Занятно отметить, что после исчезновения турецкого халифата в 1924 году европейские державы, и прежде всего Англия, начнут поиски нового халифа, который мог бы обладать авторитетом в мусульманском мире, что станет отправным моментом для нового соперничества двух арабских суверенов, которые претендовали на этот титул[106]. Франция, также занятая предприятиями на Востоке и в западном Средиземноморье, всегда мечтала о возрождении ислама и управлении им[107]. Можно вспомнить о Наполеоне Бонапарте, который прибыл в Египет, представив себя как друга, с симпатией относящегося к этой религии[108]. В сравнительно недавнее время, в конце XX века, США также работали над мобилизацией ислама, понадобившейся, чтобы создать противовес советской экспансии в Третьем мире, (и в результате внесли вклад в процесс радикализации, который в конечном счете приведет к терактам 11 сентября 2001 года).

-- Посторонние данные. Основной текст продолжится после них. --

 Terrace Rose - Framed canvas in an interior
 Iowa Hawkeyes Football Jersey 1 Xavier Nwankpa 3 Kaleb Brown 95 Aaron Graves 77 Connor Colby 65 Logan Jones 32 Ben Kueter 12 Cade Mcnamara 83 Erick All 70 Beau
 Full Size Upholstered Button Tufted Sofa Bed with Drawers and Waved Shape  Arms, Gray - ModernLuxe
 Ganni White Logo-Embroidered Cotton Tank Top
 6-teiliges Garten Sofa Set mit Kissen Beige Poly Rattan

Эта инструментализация, которую мы описывали в других работах, долгое время была неизвестна крупным западным СМИ и никак не рассматривалась в академических исследованиях ислама. Саудовская Аравия и Пакистан как активные распространители мусульманского фундаментализма в Третьем мире находились тогда на переднем фронте борьбы с коммунизмом, а США не только соглашались с этим, но и всячески стимулировали их и воодушевляли. Лишь в самое последнее время завесу тайны начали приподнимать, особенно в англосаксонской прессе, которая заинтересовалась феноменом распространения ваххабизма при поддержке США[109].

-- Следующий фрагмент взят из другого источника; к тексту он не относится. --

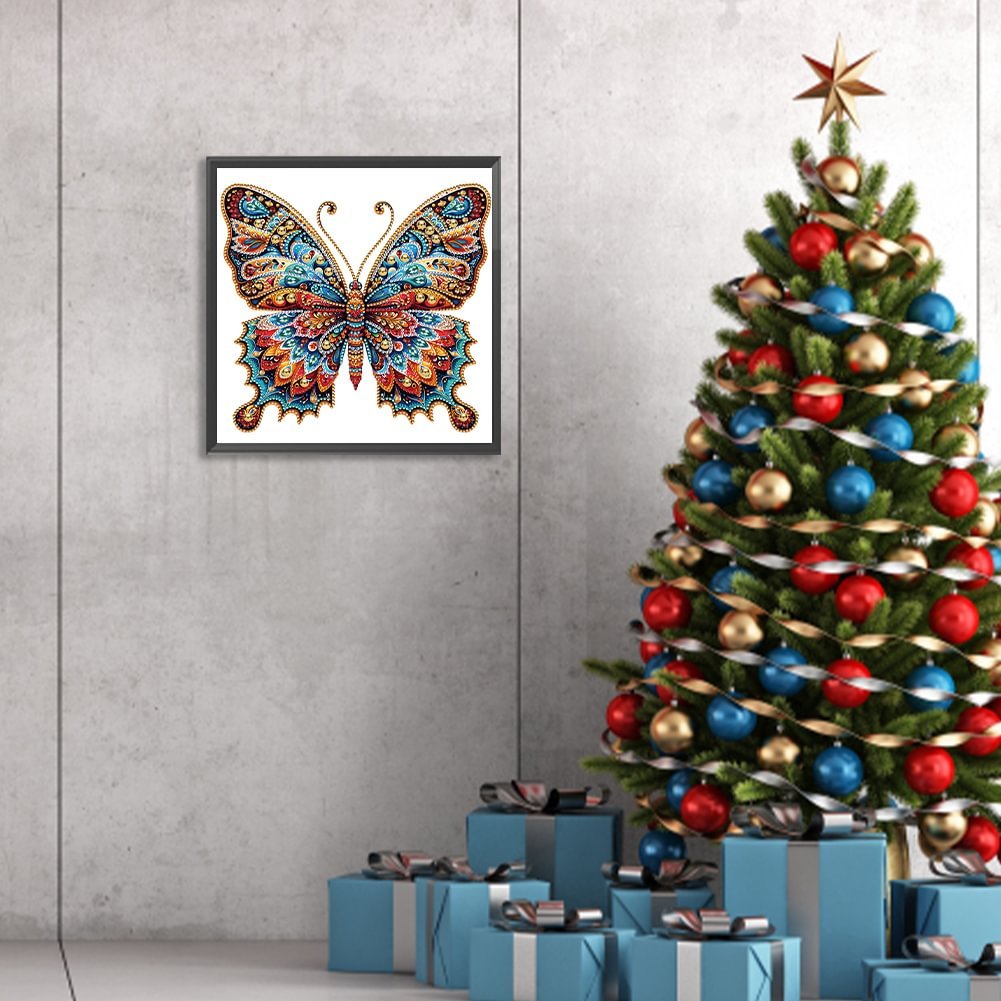 1pc 30*30cm/11.8*11.8in DIY 5D Irregular Shaped Diamond Painting Set Frame Self-Designed Butterfly Pattern Wall Decoration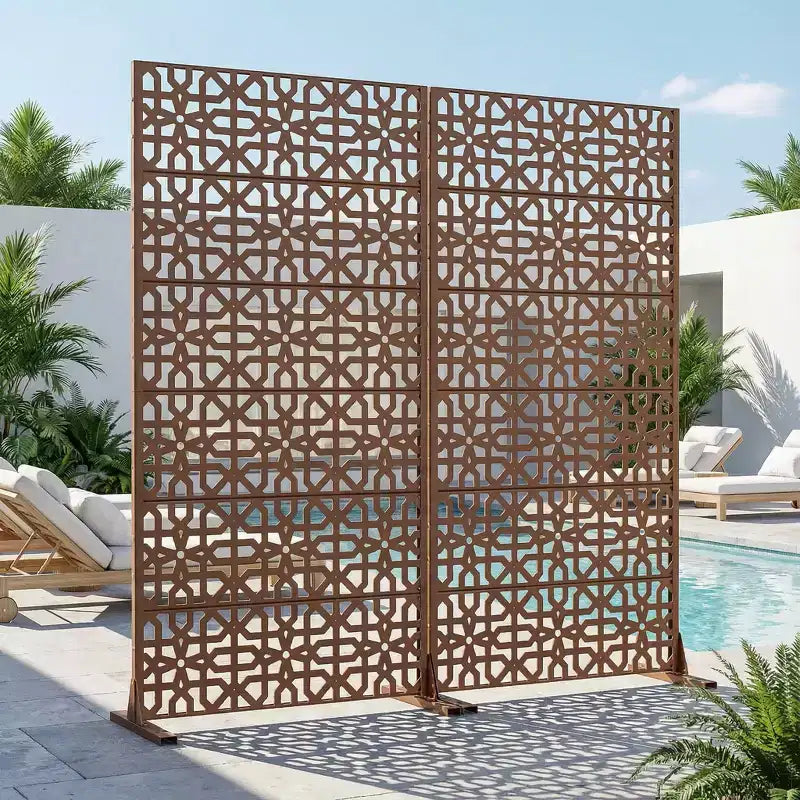 Paravent 6 pans en acier galvanisé, 72x35, double face, classique, marron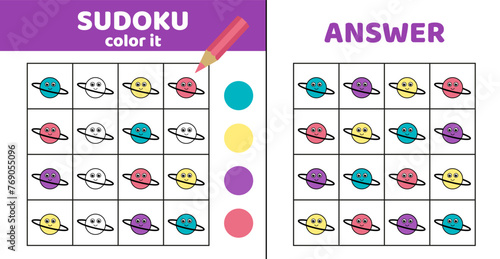 Sudoku with Saturn. Coloring sudoku with saturn. Cartoon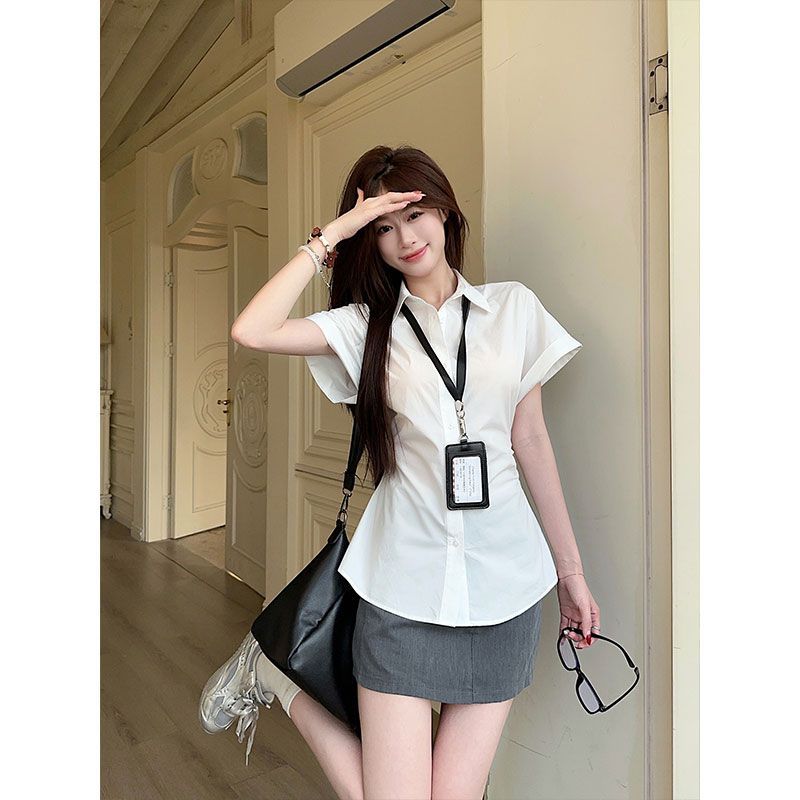 Korean White Polo Collar Short-sleeved Shirt Women's Summer Pleated Slim-fit Shirt Design Temperament Slim Top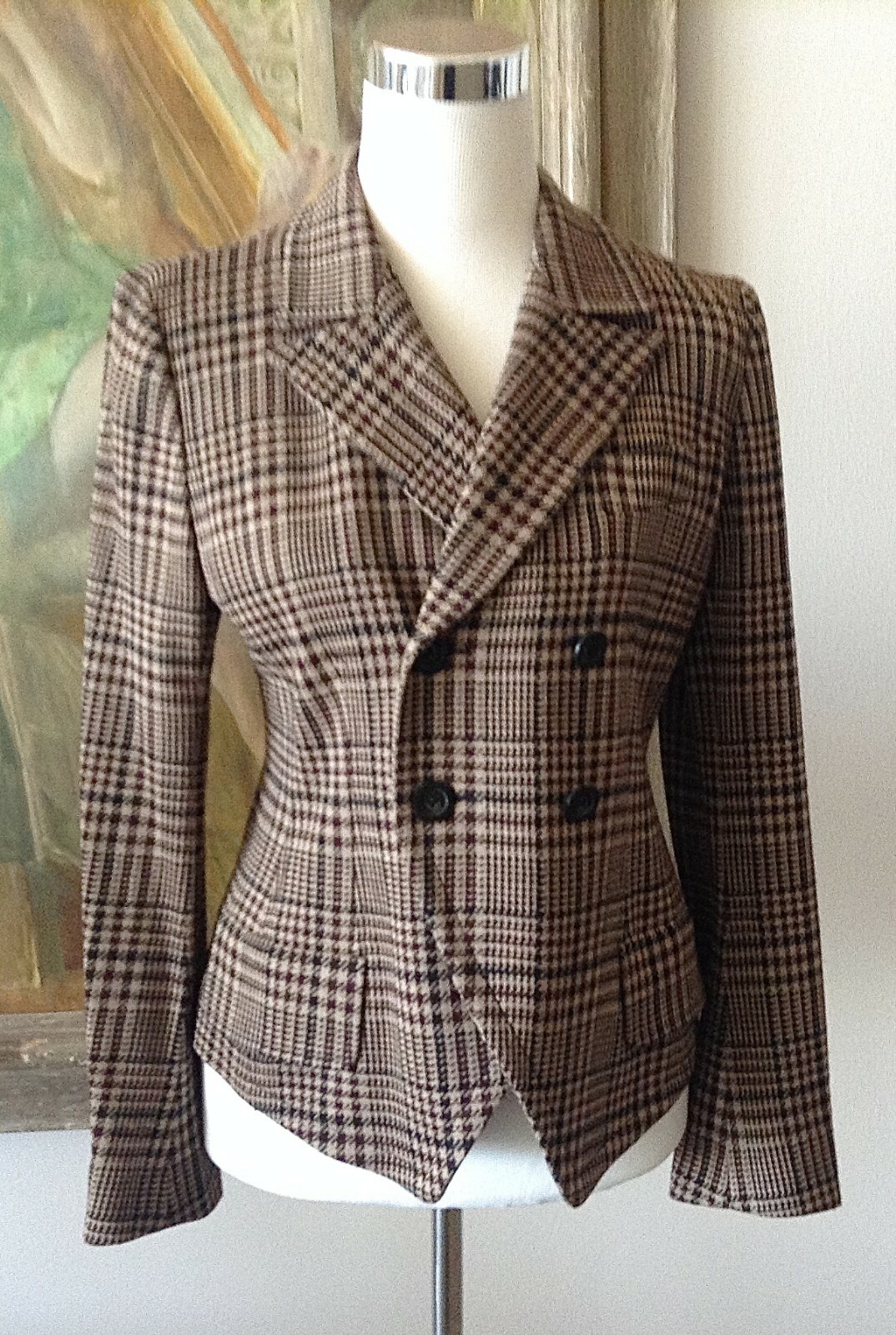 80s SONIA RYKIEL Houndstooth Knit Fitted Blazer/Jacket w/Matching Handbag sz40/8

Но панисламизм сохраняется и в наши дни, в том числе благодаря обильной, но однообразной литературе (её мы рассмотрим в пятой главе), издание которой прерывалось лишь на короткий период расцвета светского панарабизма в 1950–1967 гг. Сегодня это уже не тот панисламизм, которым он был в XIX веке и в начале XX-го, когда он вдохновлялся философией модерна и стремлением к глубокой реформе религиозных и политических институтов мусульманских стран и не поддерживал терроризм ни в одной из его форм. Как мы увидим далее, панисламизм, носителями которого сегодня выступают исламские движения джихадистского толка, стал, напротив, антимодернистским и антизападным (нацеленным именно против того, что теперь стали называть иудео-христианской традицией), он сосредоточен на замкнутой воображаемой картине идеального мусульманского города.
Тем не менее, можно также утверждать, что, поскольку тождественные причины ведут к тождественным следствиям, имперское американское расширение на Ближнем Востоке приняло эстафету у прежней европейской экспансии на мусульманский Восток[110]. И если морфология этого панисламизма радикально изменилась, создав ситуацию интеллектуальной изолированности, причина ещё и в том, что она отражает изменение интеллектуальной атмосферы на общемировом уровне, характеризующееся подъёмом антимодернистских идеологий, тон которых был задан Западом в контексте холодной войны.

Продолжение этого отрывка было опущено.